Page MenuHomePhabricator

Resolve kernel hang on wcqs* instances
Open, MediumPublic

Description

While setting up the new wcqs service on wcqs[12]00[123] we started an import, the same import process that we have run many times on the wcqs-beta instance and once before on these instances. After two days half of the instances became unresponsive, and the remaining half appear to have stopped importing but have not 100% hung the instance (yet).
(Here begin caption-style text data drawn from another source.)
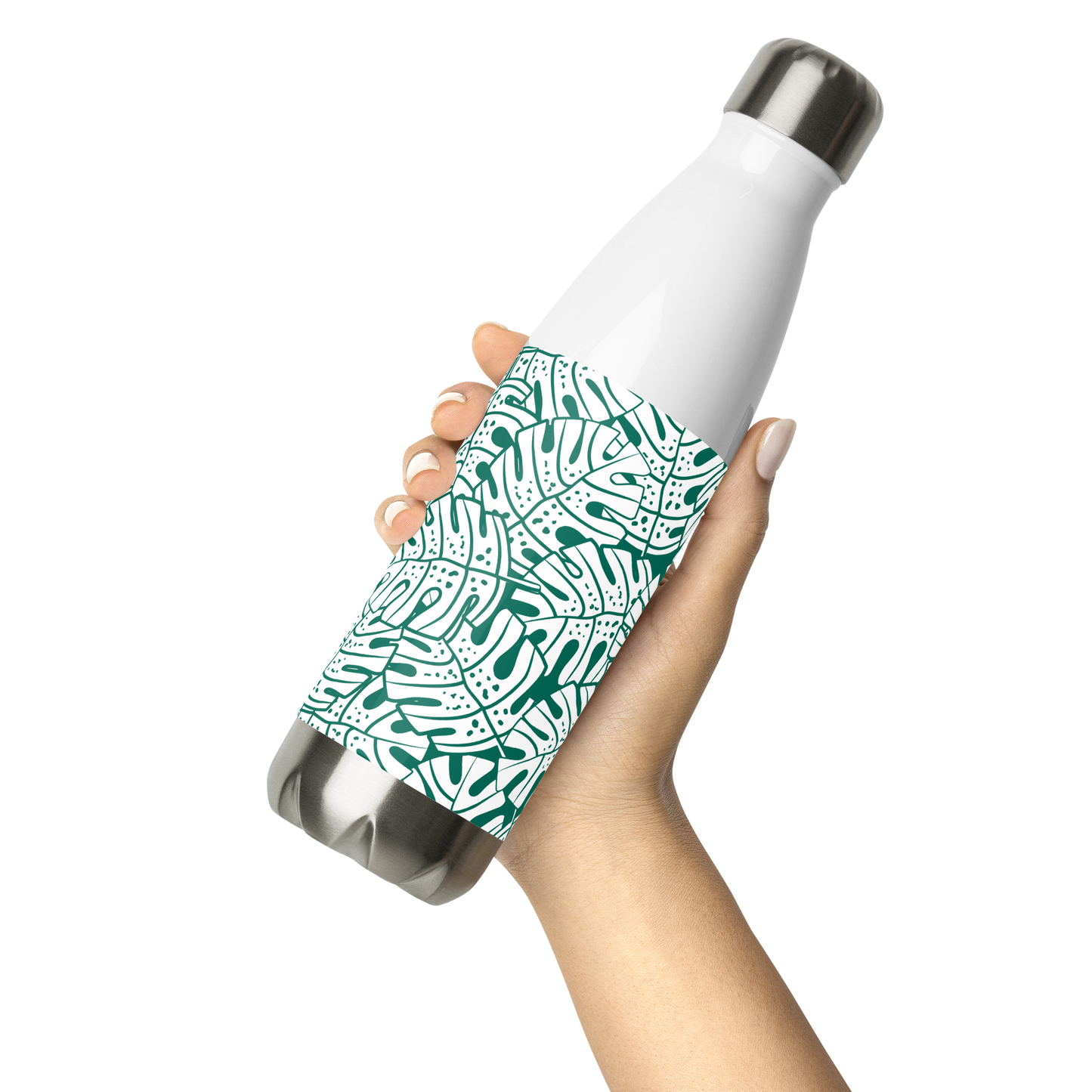 Colorful Fall Leaves | Seamless Patterns | Stainless Steel Water Bottle - #9
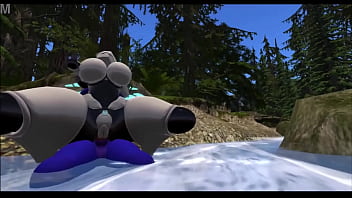 Dragon fucks sex bot after landing on his campsite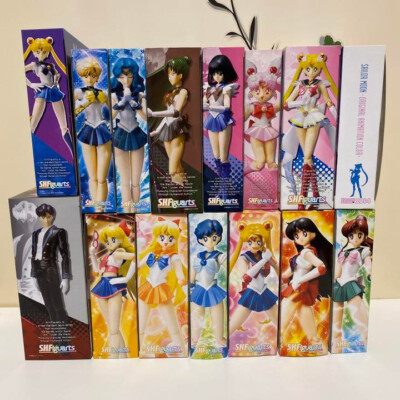 S.H.Figuarts Sailor Moon 20th Anniversary Comic Snime Figure Set With Box Used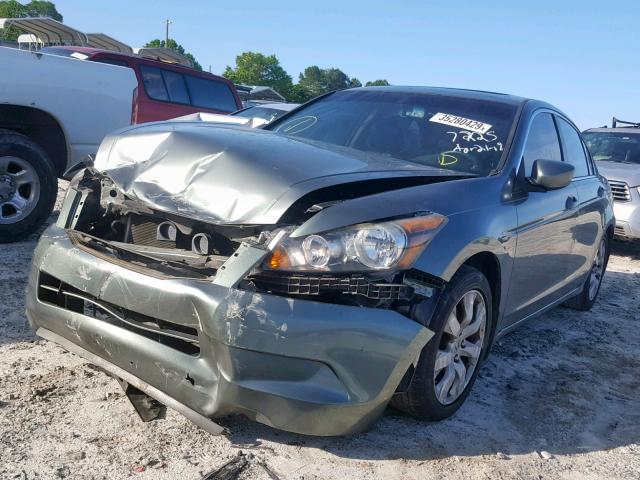 1HGCP26878A017225 - 2008 HONDA ACCORD EXL GREEN photo 2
Attached is the dmesg for all instances that were still accessible, in all cases there is a single moment where the kernel starts complaining about hung tasks related to disk IO. The kernel doesn't seem to complain about anything before or after that ~2 minute failure period.

wcqs1001: P17667
wcqs1003: P17668
wcqs2002: P17669

Event Timeline

Some random info i looked up:

  • grafana reports free memory of at least 90G across instances. This is typical, the application leans heavily on the linux disk cache to keep it's data in memory.
  • Instances were all generally doing 4-6k write iops with a throughput of ~50MB/s for 24hr+. Minimal reads.
  • Disk utilization reports around 15%, all instances similar
  • Filesystem for application data mounted to /srv, ~15% used.
  • raid reports all drives healthy (U):
ebernhardson@wcqs1003:~$ cat /proc/mdstat
Personalities : [linear] [multipath] [raid0] [raid1] [raid10] [raid6] [raid5] [raid4] 
md0 : active raid10 sda2[0] sdb2[1] sdd2[3] sdc2[2]
      3749898240 blocks super 1.2 512K chunks 2 near-copies [4/4] [UUUU]
      bitmap: 1/28 pages [4KB], 65536KB chunk

unused devices: <none>

Reading from md0 works as expected:

ebernhardson@wcqs1003:~$ sudo dd if=/dev/md0 of=/dev/null bs=1048576 count=100000 status=progress
104048099328 bytes (104 GB, 97 GiB) copied, 80 s, 1.3 GB/s
100000+0 records in
100000+0 records out
104857600000 bytes (105 GB, 98 GiB) copied, 80.7095 s, 1.3 GB/s

Attempting to sync a file to disk hangs:

root@wcqs1003:~# echo 'foo' > test
root@wcqs1003:~# sync test

Without having better information, i would guess we are triggering a deadlock somewhere in the kernel related to disk writes? But no particular locking is mentioned in the traces so perhaps not. As it affected all 6 instances it seems fairly reproducable, although perhaps we should try and take the application out of the picture and try to reproduce with some simple tools to generate disk writes? This might be fairly tedious, the error took more than a day to trigger and the only idea I have for reproducing externally is to generate random write loads of similar size.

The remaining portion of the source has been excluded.